Data extract:
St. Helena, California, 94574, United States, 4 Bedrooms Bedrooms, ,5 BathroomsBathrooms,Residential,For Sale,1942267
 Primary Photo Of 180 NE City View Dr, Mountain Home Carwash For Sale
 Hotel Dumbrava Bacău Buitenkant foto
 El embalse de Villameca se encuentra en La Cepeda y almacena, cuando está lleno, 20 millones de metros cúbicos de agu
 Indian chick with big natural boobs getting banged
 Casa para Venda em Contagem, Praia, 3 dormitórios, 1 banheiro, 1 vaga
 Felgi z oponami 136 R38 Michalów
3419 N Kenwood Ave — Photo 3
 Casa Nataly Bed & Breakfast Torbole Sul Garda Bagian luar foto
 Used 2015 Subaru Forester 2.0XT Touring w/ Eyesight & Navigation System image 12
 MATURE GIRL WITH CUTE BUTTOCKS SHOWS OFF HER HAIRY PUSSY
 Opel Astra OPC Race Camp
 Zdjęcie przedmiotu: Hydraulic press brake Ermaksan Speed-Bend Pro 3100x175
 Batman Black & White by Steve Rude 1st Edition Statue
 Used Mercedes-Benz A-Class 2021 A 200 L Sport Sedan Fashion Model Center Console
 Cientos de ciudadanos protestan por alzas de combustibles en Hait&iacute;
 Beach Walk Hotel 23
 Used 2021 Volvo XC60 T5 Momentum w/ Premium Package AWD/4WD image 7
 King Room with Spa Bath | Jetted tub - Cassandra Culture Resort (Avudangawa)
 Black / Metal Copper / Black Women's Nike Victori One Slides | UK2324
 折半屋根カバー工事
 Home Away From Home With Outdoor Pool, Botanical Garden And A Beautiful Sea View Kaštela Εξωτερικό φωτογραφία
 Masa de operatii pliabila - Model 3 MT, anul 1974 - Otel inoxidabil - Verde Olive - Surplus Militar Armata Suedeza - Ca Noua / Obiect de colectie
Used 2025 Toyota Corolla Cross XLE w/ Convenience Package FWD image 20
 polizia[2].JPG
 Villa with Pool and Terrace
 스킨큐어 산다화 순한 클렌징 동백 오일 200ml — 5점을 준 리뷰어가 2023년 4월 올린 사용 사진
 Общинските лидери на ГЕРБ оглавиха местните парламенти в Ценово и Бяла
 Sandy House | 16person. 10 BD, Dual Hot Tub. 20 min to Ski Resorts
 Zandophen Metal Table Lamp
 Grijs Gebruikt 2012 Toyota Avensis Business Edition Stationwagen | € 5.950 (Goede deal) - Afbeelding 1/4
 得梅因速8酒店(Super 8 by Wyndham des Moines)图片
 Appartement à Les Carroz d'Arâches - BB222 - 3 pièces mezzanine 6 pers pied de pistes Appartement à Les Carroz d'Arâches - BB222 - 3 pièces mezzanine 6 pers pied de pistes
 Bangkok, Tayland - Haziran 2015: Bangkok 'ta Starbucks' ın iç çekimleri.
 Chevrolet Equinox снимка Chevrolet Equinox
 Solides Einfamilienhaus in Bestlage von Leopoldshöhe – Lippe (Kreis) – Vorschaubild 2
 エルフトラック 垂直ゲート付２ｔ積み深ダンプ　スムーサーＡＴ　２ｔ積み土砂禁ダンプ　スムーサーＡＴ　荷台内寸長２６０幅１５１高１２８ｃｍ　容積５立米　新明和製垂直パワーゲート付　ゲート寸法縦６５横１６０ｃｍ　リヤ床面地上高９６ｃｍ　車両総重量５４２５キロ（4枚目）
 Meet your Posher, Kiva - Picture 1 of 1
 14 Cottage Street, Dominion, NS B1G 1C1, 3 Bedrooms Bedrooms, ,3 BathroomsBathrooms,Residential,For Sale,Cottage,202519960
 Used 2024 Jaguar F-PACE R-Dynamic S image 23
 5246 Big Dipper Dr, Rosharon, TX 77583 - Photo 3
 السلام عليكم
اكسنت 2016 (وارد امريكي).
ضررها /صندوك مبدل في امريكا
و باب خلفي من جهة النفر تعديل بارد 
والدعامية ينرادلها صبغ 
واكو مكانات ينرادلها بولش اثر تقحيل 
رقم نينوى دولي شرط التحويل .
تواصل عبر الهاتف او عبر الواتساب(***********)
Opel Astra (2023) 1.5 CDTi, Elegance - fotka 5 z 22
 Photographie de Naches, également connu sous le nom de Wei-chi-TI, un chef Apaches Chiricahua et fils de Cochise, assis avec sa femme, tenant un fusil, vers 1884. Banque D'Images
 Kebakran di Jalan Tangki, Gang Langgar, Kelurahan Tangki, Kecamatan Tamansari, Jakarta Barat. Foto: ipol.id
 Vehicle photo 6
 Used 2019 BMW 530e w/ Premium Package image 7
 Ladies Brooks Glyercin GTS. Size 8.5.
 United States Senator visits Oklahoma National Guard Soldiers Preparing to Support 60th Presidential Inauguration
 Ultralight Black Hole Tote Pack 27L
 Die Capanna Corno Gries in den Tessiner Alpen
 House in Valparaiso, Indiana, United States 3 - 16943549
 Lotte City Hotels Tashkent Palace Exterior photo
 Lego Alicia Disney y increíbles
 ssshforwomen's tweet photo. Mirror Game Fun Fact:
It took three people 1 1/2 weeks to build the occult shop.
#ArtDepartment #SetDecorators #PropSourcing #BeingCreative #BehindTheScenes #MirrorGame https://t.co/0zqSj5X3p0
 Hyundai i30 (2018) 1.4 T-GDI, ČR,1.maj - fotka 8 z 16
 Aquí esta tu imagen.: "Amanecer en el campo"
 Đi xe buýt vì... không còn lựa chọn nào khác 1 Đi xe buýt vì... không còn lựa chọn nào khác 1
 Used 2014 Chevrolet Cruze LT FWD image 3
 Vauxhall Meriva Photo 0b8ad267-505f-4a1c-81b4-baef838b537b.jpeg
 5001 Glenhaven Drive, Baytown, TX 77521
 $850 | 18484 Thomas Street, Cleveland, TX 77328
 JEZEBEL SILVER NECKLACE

What the task asks: In the listing above, the lines from the one containing "得梅因速8酒店(Super 8 by Wyndham des Moines)图片" through the one containing "Solides Einfamilienhaus in" must be set down exactly, with no other lines.

Solved problem:
 得梅因速8酒店(Super 8 by Wyndham des Moines)图片
 Appartement à Les Carroz d'Arâches - BB222 - 3 pièces mezzanine 6 pers pied de pistes Appartement à Les Carroz d'Arâches - BB222 - 3 pièces mezzanine 6 pers pied de pistes
 Bangkok, Tayland - Haziran 2015: Bangkok 'ta Starbucks' ın iç çekimleri.
 Chevrolet Equinox снимка Chevrolet Equinox
 Solides Einfamilienhaus in Bestlage von Leopoldshöhe – Lippe (Kreis) – Vorschaubild 2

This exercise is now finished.